自衛権が武力を持つことによってほかの諸国に威圧するため、もしものため、同じことだが抑止のためというなら、諸外国のわが国に対する武力行使による侵略の根拠を明らかにしなければならない。
もし、諸外国が武力を持っているだけでわが国に対する侵略の意図をもっていると判断するならば、それでわが国も武力を持つというなら、わが国の武力が他国に対する侵略の意図をもっていると判断されることである。
要するに矛盾だが、アメリカでも中国でも、軍隊はどこであってもひとつの需要である。すなわち、軍需産業の消費市場である。だから、どうして自衛隊が聖域のまま残っているのかといえば、もっともらしい理由をつけてその予算が多くの軍需産業に潤いをもたらすからである。

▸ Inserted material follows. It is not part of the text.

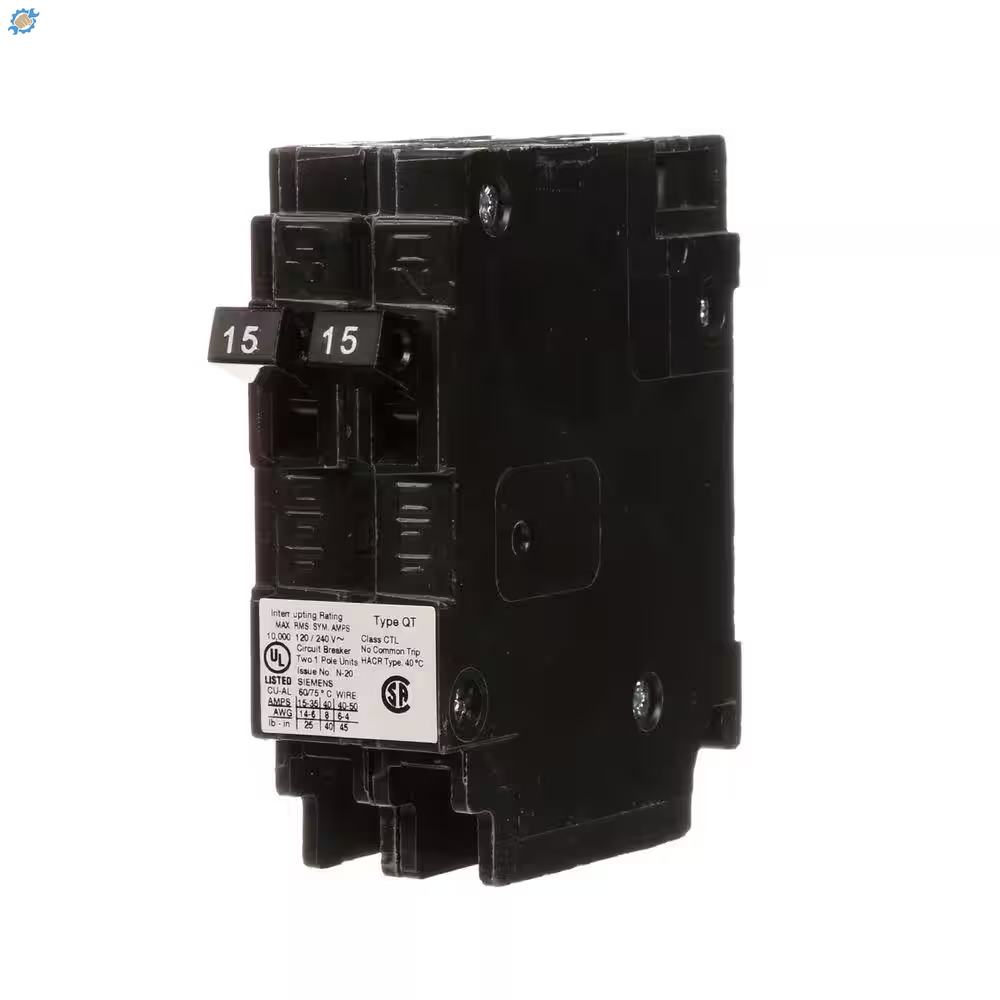 15 Amp Single Pole Type QT Tandem Ncl-Circuit Breaker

では、日本の独立をその観念的な観点から考えればどのような結論が出てくるか。それこそ、中国の脅威だ、北朝鮮の脅威だ、テロリストの脅威だ、という理由による軍需産業と軍隊の聖域化だ。
それでは、日本の自衛権というものはいったい何か。
観念的に言えば、日本の独立を守ることである。
ところが、日本は、物質的に考えれば、日本独自の独立というものは観念的なものに過ぎない。
貿易によって石油をはじめとするさまざまな商品を輸入しなければならない。
日本の独立を物質的な観点から考えれば、世界平和をもたらす世界各国の非戦闘・非武装であり、戦争によって生産物を浪費しないことによって達成するところの生産関係である。
資本主義的な生産様式から生まれる諸矛盾を戦争で一時的に解消する方法をアメリカが取ってきたのを、あの小泉が協調している。
そのために、どうしても日本国憲法九条が邪魔になってきた背景がある。
その背景が、たとえば消費税の増税をやろうとしていること、できるだけ国民の負担を増やすような方策を考えていることによって現れている。
生産が増大しないのにどうやって儲けを増やすのか、その方法が小泉の改革で行われようとしている。要するに、今失業していない多くの国民からできるだけ貨幣を抜き取ることである。
「いまや世界市場には、ただ貨幣だけが商品だ!という声が響きわたる。鹿が清水を求めて鳴くように、彼の魂は貨幣を、この唯一の富を求めて叫ぶ。」(大月書店 資本論第一巻180ページ)
剰余価値としての貨幣は、多くの国民が銀行などの債権として持っている。それをどうやって抜き取るのかといえば、増税が一番手っ取り早い。
無論、国民に他国などの脅威をあおって、自衛権云々をマスコミが大宣伝して、自衛権のための軍隊を聖域にしたいのは、それなりの銭勘定があるからだ。